Чтобы не допустить полного хаоса, Мао поручил Чжоу Эньлаю сказать на митинге хунвейбинов на площади Тяньаньмынь 31 августа: «Подавляйте словом, а не насилием». После этого большая часть хунвейбинов отказалась от насилия, выполняя новую установку Мао. Кое-кому из жертв удалось спастись, защитившись от мучителей этими словами. Но зверства по-прежнему оставались безнаказанными, и насилие продолжалось.
Одной из целей, которые преследовал Мао во время набегов на дома, было превращение хунвейбинов в узаконенных бандитов и использование их в этом качестве. Молодежные банды конфисковывали золото, серебро, платину и драгоценности тоннами, не говоря о миллионах долларов — все это шло в государственные хранилища. Туда же попадало множество бесценных древностей, картин и старинных книг. В результате грабежа и бессмысленного уничтожения на месте в частных руках практически не осталось никакого ценного имущества; кое-что из добычи было продано за границу ради получения валюты.
Нескольким высшим государственным лицам было позволено выбрать кое-что для себя из этой добычи. Госпожа Мао выбрала золотые французские часы-кулон, усеянные жемчугом и бриллиантами, и заплатила за них царскую цену — 7 юаней. Это соответствовало «некоррупционной» практике маоистского руководства — лидеры государства непременно платили за пустяки, но никогда и ничего не платили за свои виллы и слуг, за право пользования личными самолетами, поездами и другими дорогостоящими услугами. Кан Шэн, любитель старины, даже устроил несколько частных набегов, послав под видом хунвейбинов собственных мародеров. Сам Мао тоже украл тысячи старинных книг.
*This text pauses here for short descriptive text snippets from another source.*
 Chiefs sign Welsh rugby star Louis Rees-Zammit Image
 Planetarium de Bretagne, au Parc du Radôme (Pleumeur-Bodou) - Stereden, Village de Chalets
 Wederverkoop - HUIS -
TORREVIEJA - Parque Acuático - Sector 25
После стерилизации ультрафиолетовыми лучами эти книги заняли место на полках его громадной гостиной; их корешки образовали фон для фотографий вождя с мировыми лидерами и другими важными иностранными гостями. Киссинджеру показалось, что эта комната скорее напоминает «приют ученого». На самом деле в ней (по причине неизвестной для американского гостя) было больше общего с одним из замков Геринга, где на стенах висели чудесные картины, украденные у жертв нацизма.
Режим получил от этих набегов еще и дополнительное жилье. Жилья очень не хватало, так как для обычных горожан при коммунистах практически ничего не строилось. Теперь же пострадавшие от набегов семьи ютились в одной или двух комнатах, а на оставшуюся их площадь селились соседи. В результате, что неудивительно, складывались мучительные для всех отношения.
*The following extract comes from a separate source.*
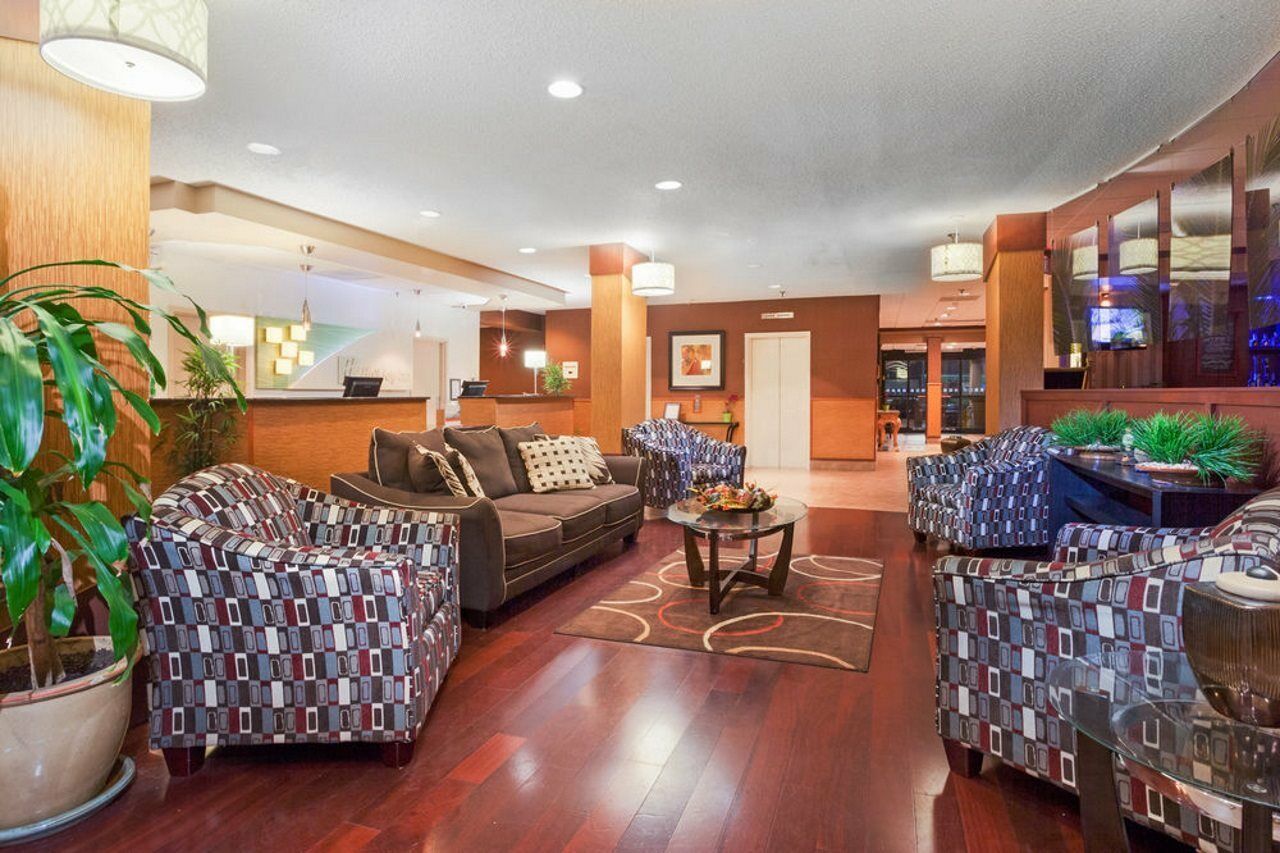 Holiday Inn Express Richmond - Midtown By Ihg Esterno foto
Некоторые семьи, подвергшиеся набегам, были изгнаны в деревню, ускоряя процесс превращения крупных городов в «чистые» промышленные центры, уже начатый Мао. Меньше чем за месяц, начиная с конца августа, из Пекина были изгнаны почти 100 тысяч человек. Одному свидетелю довелось видеть огромный зал ожидания пекинского вокзала, забитый детьми, которые ждали отъезда в изгнание вместе с родителями. Хунвейбины заставили детей встать на колени и принялись ходить между ними, нанося удары по голове тяжелыми пряжками ремней. Некоторые этим не ограничивались, а поливали их на прощание обжигающей горячей водой. Остальные пассажиры пытались найти место, куда можно было бы спрятаться.
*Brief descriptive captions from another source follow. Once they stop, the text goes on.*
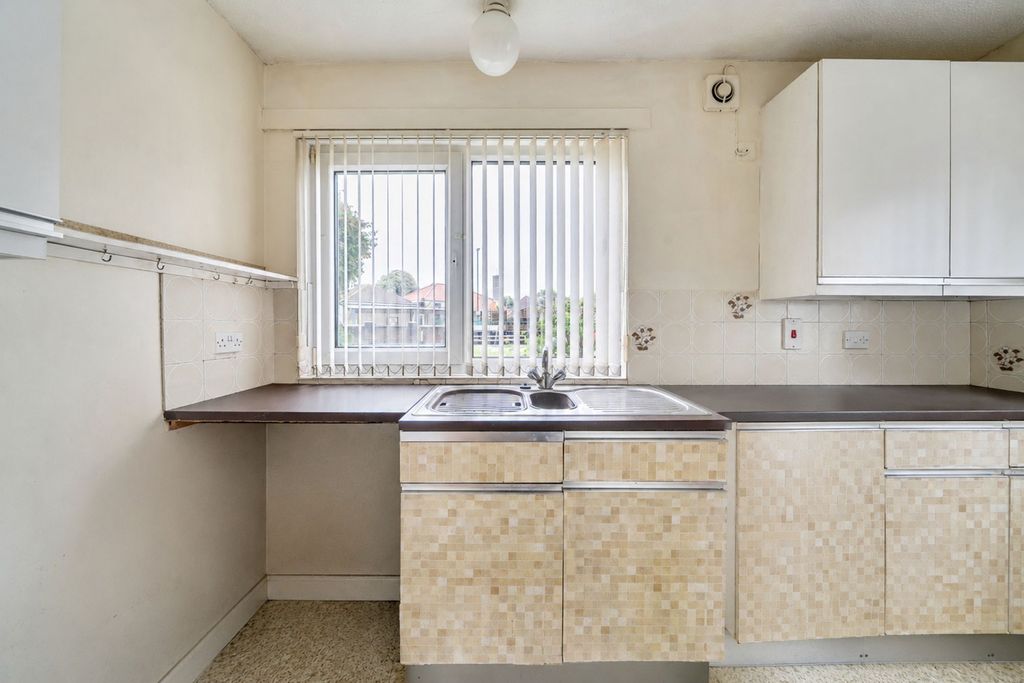 Property photo 2 of 16 Kitchen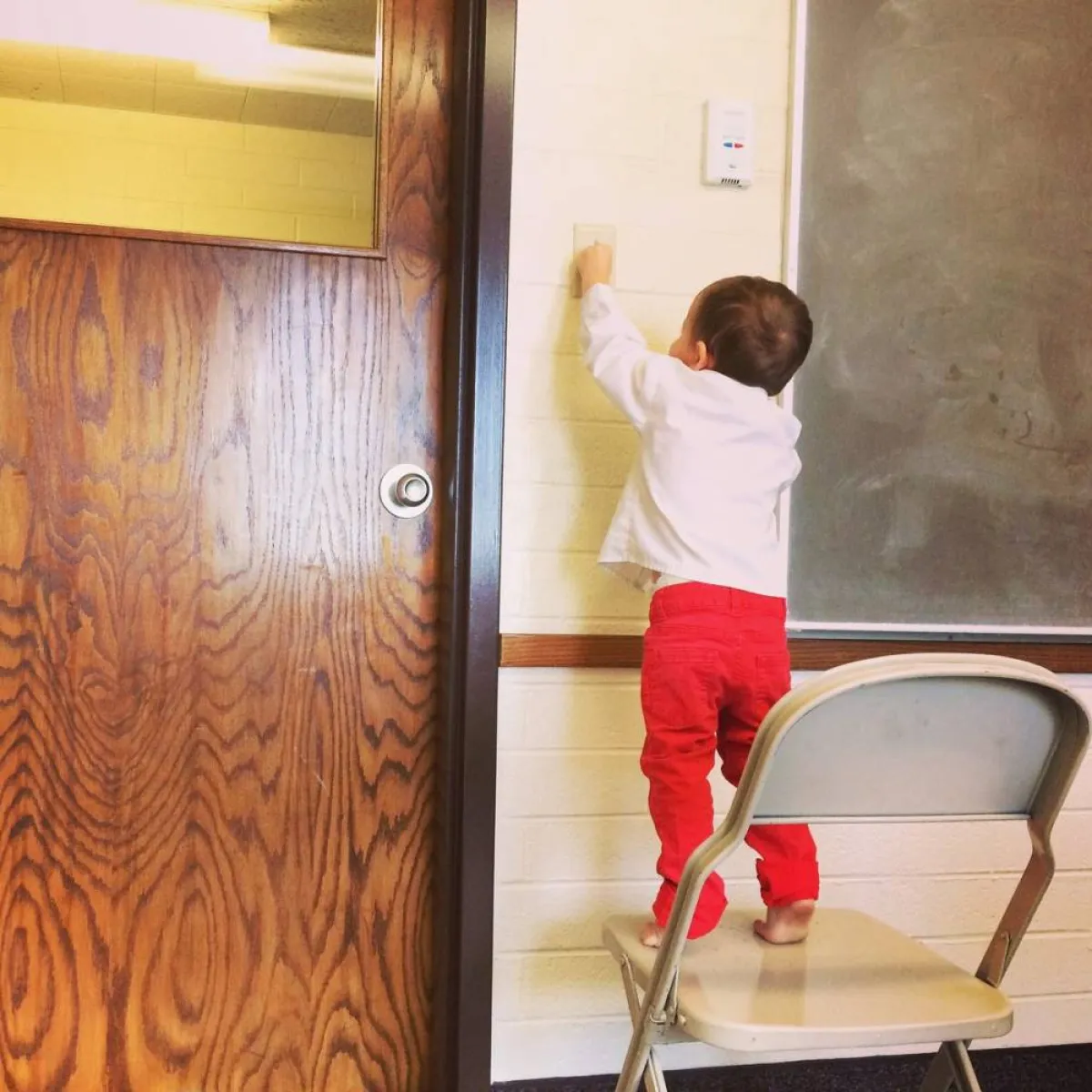 صورة لطفل معاقب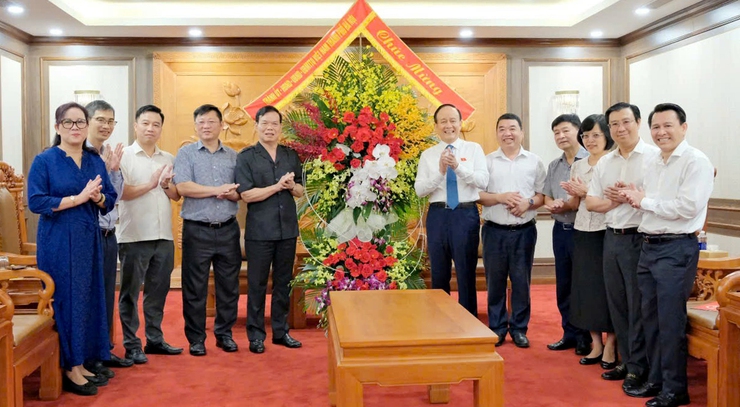 Chủ tịch HĐND Thành phố Nguyễn Ngọc Tuấn thăm, chúc mừng một số cơ quan nhân kỷ niệm 100 năm Ngày Báo chí Cách mạng Việt Nam- Ảnh 1.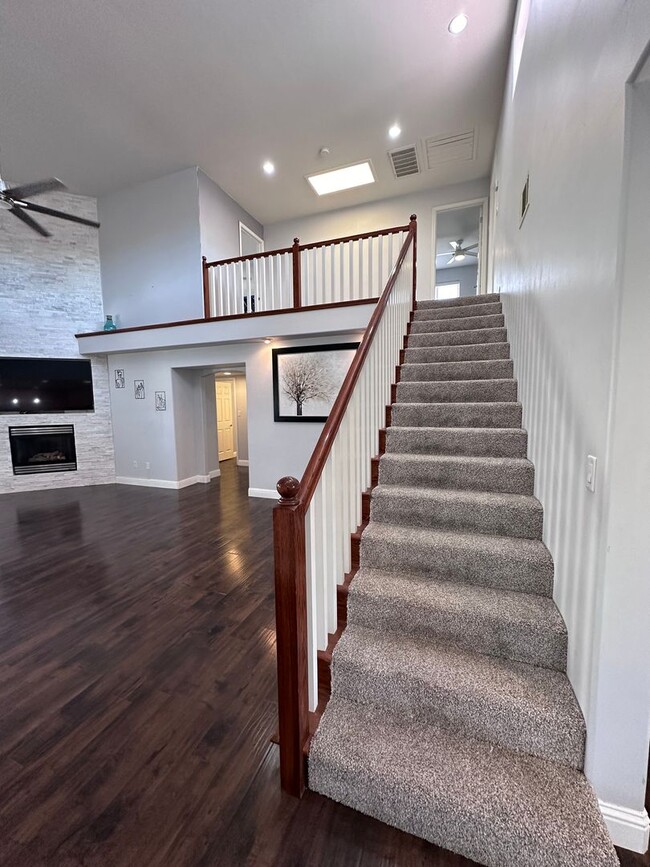 Building Photo - 5302 Doble Aguila Way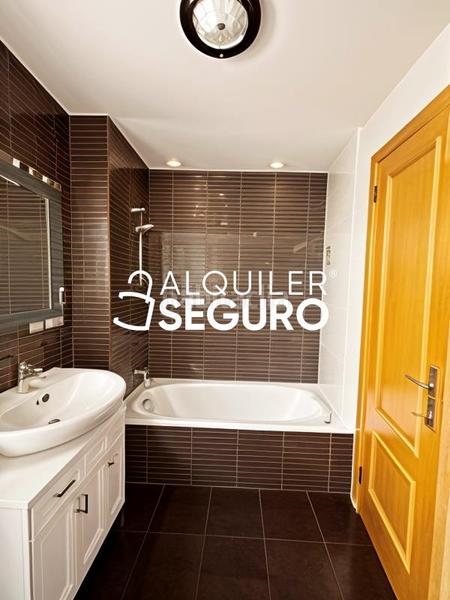 Foto 528e0ea7-83a9-49eb-b786-6eb1d6215274. Rent flat with heating parking in Sónsoles Ávila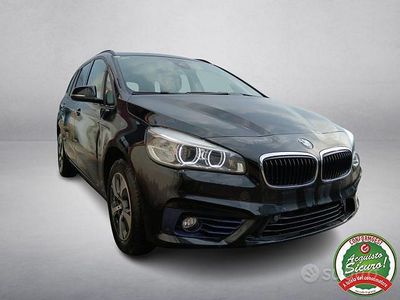 Usata BMW 218 Active Tourer Advantage 136 CV (100 kW) 2015 Nero metallizzato Monovolume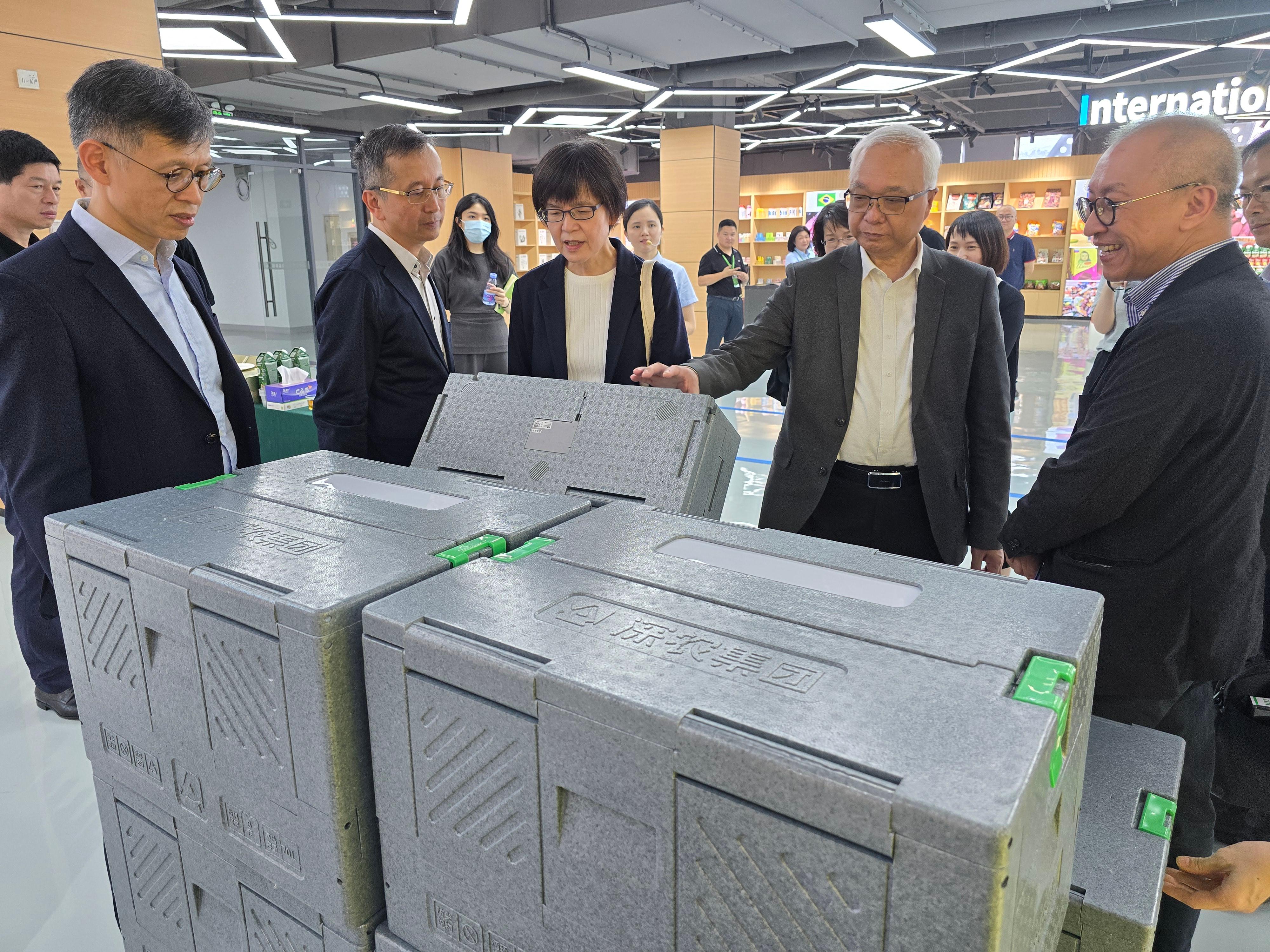 环境及生态局局长谢展寰今日（九月三日）到深圳考察深圳海吉星国际农产品物流园，就现代物流及农产品批发和交易的最新发展作深入交流。图示谢展寰（右二）、环境及生态局常任秘书长（食物）刘利群（中）及渔农自然护理署署长黎坚明（左一）参观园区内的国际商品馆，了解园区内使用的标准转运箱。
Летом 1966 года хунвейбины терроризировали все города, большие и маленькие, и даже некоторые сельские районы. «Родной дом» с книгами и любыми предметами, как-то связанными с культурой, стал опасным местом. Напуганные граждане, опасаясь, что хунвейбины ворвутся к ним и станут мучить, если найдут в доме «культуру», жгли свои книги или продавали их на макулатуру, уничтожали произведения искусства. Таким образом Мао удалось удалить культуру из миллионов китайских домов. Вне домашнего круга он тоже был близок к исполнению давней заветной мечты — стереть прошлое Китая из сознания своих подданных. Было разрушено большое количество исторических памятников — наглядных свидетельств великого прошлого нации, которым прежде удавалось избежать ненависти Мао. Так, в Пекине были снесены 4922 из 6843 памятников, которые в 1958 году еще были целы.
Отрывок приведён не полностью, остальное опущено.